EXERCISE BRIEF ▸ Nothing but the lines below between the line holding "Vintage The Disney" and the line holding "Hancoco Slide Stamps / Kutsuwa - bungu", inclusive, should appear in the answer, each set down exactly.

*** Opening DATA EXTRACT ***

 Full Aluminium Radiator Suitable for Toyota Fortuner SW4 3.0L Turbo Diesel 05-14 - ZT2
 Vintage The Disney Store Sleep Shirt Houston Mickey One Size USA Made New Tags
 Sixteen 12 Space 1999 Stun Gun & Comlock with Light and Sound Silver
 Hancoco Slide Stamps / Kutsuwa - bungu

*** Closing DATA EXTRACT ***
*** Opening DATA EXTRACT ***

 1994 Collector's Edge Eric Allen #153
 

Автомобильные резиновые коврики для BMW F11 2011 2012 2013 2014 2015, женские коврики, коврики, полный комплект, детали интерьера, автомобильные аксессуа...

*** Closing DATA EXTRACT ***

ANSWER SPACE ▸
 Vintage The Disney Store Sleep Shirt Houston Mickey One Size USA Made New Tags
 Sixteen 12 Space 1999 Stun Gun & Comlock with Light and Sound Silver
 Hancoco Slide Stamps / Kutsuwa - bungu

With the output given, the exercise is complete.